Wie geht Weitwandern in Zeiten eines Corona-Lockdown bei nächtlichen Minus-Temperaturen? Im Zelt übernachten kam für uns nicht in Frage. Dann hatte Bernd die zündende Idee: Wir gehen von meiner Haustür zu seiner, von Oberursel also bis ins knapp 65 Kilometer entfernte Elz bei Limburg. Die Tour müssten wir so legen, dass wir mit den Öffentlichen zum Übernachten entweder zu mir oder zu ihm nach Hause kommen. Ich war sofort Feuer und Flamme, die Planung mit Komoot ein Kinderspiel. Und vor einigen Tagen war es dann soweit. Ich hatte Urlaub, das Wetter spielte auch mit.

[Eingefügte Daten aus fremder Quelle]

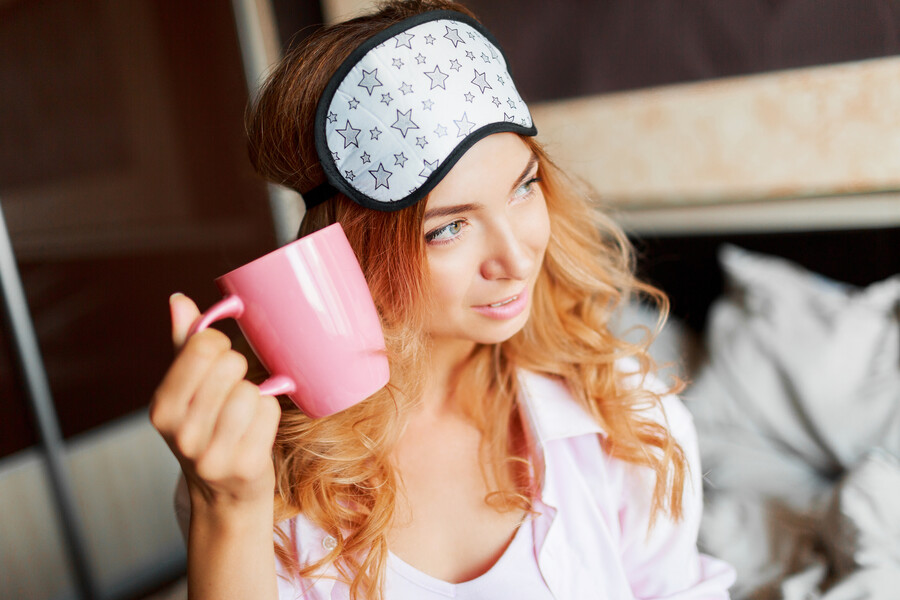 graceful-woman-with-candid-smile-posing-eye-mask-her-bedroom-drinking-hot-tea_8ceac.jpg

Die erste Etappe ist die längste und körperlich auch die anstrengendste. Aber mit der Frische zweier Pferde, die im Frühjahr zum ersten Mal auf die Koppel gelassen werden, ist der Weg über den Taunuskamm geradezu ein Spaziergang. Unsere Route führt uns von Oberurseler Bahnhofsnähe durch die Altstadt, am Schwimmbad vorbei und durch den Wald bis zur Hohemark. Von da an halten wir uns rechts der Straße und gehen den Metzgerpfad hoch. Wer etwas über diesen alten Handelsweg nachlesen möchte, dem sei die Seite von Horst Eufinger empfohlen.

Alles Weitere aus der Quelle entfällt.